It is important to understand what dividend yield is. It is a ratio, usually expressed as a percentage, where the total amount of a stock’s annual dividend is divided by the current price of the stock. So let’s imagine Buzzy’s hypothetical Broccoli Beer (ticker: BRRRP), which recently trades at $50 per share and pays $0.50 per quarter, which is equivalent to $2 per year. Divide that $2 by $50 and you get 0.04, or a 4% dividend yield.
Companies typically pay dividends quarterly, and their dividend amounts generally remain the same for one or more years. However, company stock prices change frequently. Therefore, dividend yields also change frequently, at least a little. Remember that the ratio is the dividend divided by the stock price. So if the stock price rises sharply, the yield will fall… and vice versa.
So an especially high dividend yield may be the result of a stock having tanked, and not simply reflect a super generous business. Therefore, it is always smart to take a closer look at grease performance to see if the company is facing any problems.
Below are three companies that were recently the top-performing stocks in the S&P 500. Let’s take a closer look at each.
Walgreens Boot Alliance(NASDAQ: AMB) It recently showed a huge dividend yield of 12.1%. This certainly looks attractive. Invest, say, $10,000 at Walgreens and raise $1,210 over the year! But wait: a closer look at the company will reveal that it has been struggling recently. The stock was down nearly 65% year-to-date at the time of writing, and 21% in the last month alone.

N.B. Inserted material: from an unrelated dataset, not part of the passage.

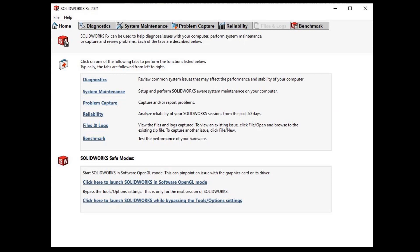So to wrap things up we've looked at SolidWorks RX which is a great tool to ensure our system is in tip-top condition and also create RX files to be sent to support to further diagnose any issues you might be seeing. I hope you enjoyed this SolidApplications technical tips and tricks video. Thanks for watching.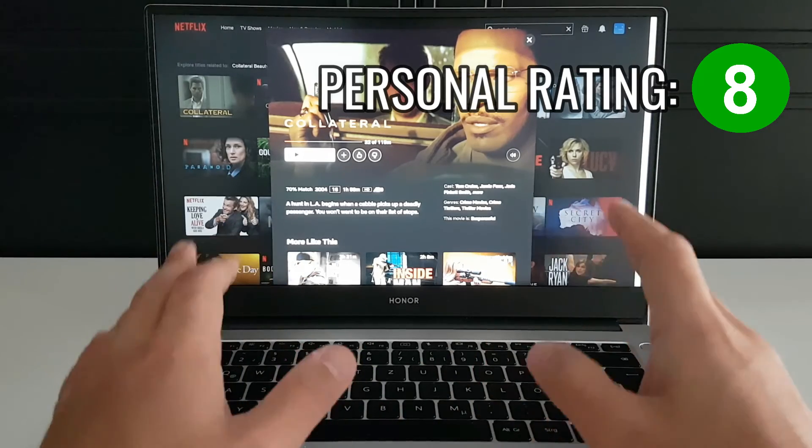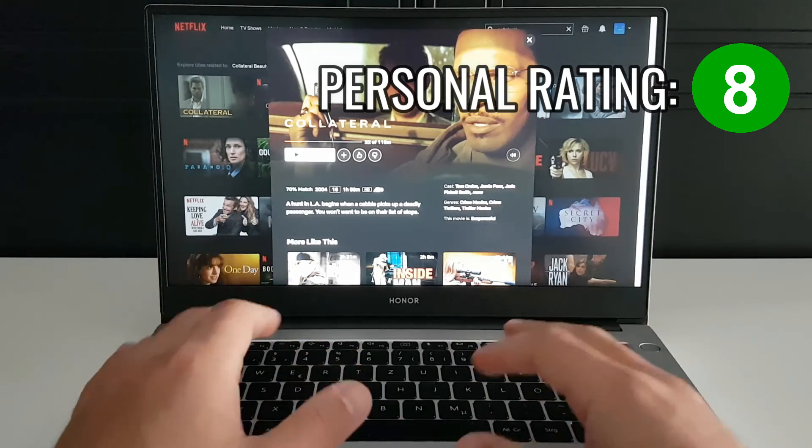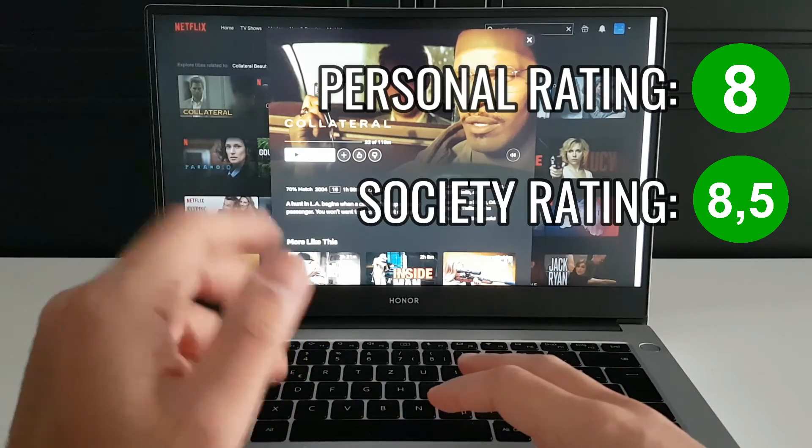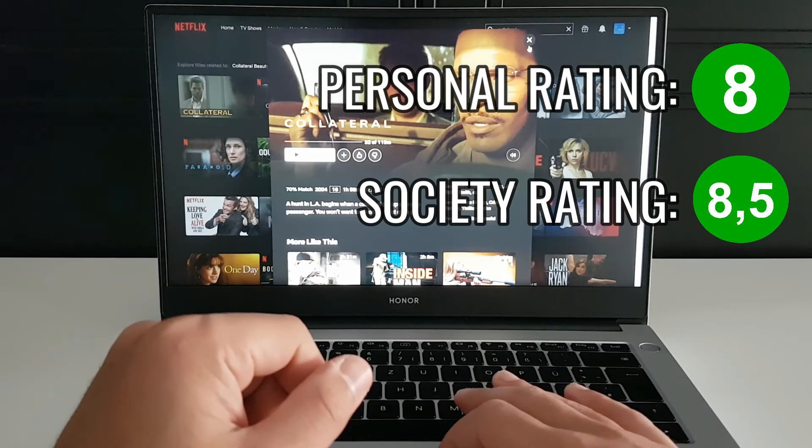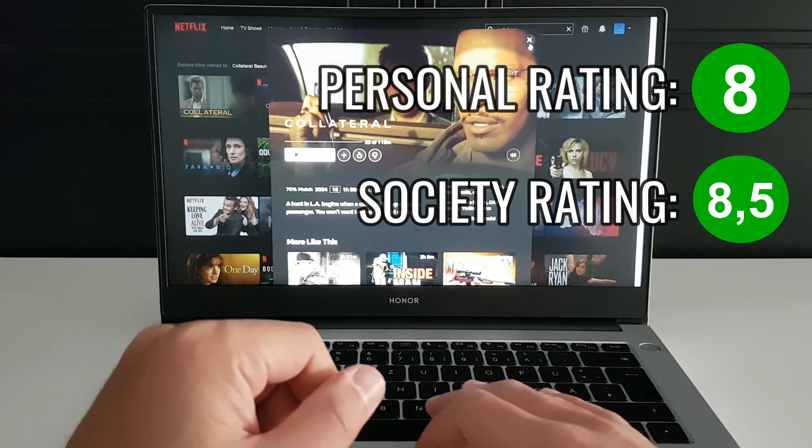And society tends to say it's an 8.5 rating, so have a nice time with this movie if you choose it.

What is happening? Well, the company hasn’t been profitable in recent years and is closing about 1,200 stores in an effort to get back on track. Part of the problem is that Walgreens has faced increasing competition from companies like Amazon.comGood RX, Wholesale Costcoand even Walmart.
It’s always good to check a dividend payer’s “payout ratio” – the portion of earnings it pays out in dividends. Walgreens was recently down 290%, suggesting it’s paying far more than it really can or should, and suggesting a dividend cut may be in the offing. So this is not an attractive dividend stock for me.
If you’re interested, maybe just keep an eye on company developments for a while, looking for signs of a successful turnaround.
Altria(NYSE: MO) It also faces some challenges, as fewer Americans smoke. The smoking rate in the United States hit its lowest level in 80 years earlier this year, according to Gallup. Altria has seen the writing on the wall and has been investing in alternatives to cigarettes, such as vaping products. Still, cigarettes remain their main offering for now.
Altria’s stock has been growing, although not at a breakneck pace, and its dividend (which recently yielded 7.3%) does look attractive. The recent 67% payout ratio suggests it’s sustainable (at least in the short term), with room to grow, and Altria has been growing its payout for more than 50 years in a row.
So consider investing in Altria, but don’t buy it and forget about it. You’ll need to track his progress to make sure his performance, which hasn’t been stellar lately, doesn’t decline further. Some expect the company to do better in the future if less traditional tobacco products gain ground.
Then there is Pfizer(NYSE: PFE)with a recent return of 6.7%. It has also faced some obstacles, such as a drop in demand for its COVID-19 vaccines and related treatments. But like other pharmaceutical companies, it has plenty of other issues at play, in the form of drugs in development in its rich pipeline. Its expansion into cancer treatments is especially promising.
Some are concerned that Pfizer has taken on too much debt by purchasing other companies (and their drugs), and others are concerned that the incoming administration in Washington, DC, could reduce interest in vaccines. But medicine is more than vaccines. Among other promising drugs Pfizer has in development is one that addresses weight loss. Current weight loss medications are selling quickly and several products may become big sellers in that niche.
So go ahead and take a look at these or other big dividend stocks. Just be careful when a payment is especially large. And remember that smaller returns can be okay, especially if they are increased at a rapid rate.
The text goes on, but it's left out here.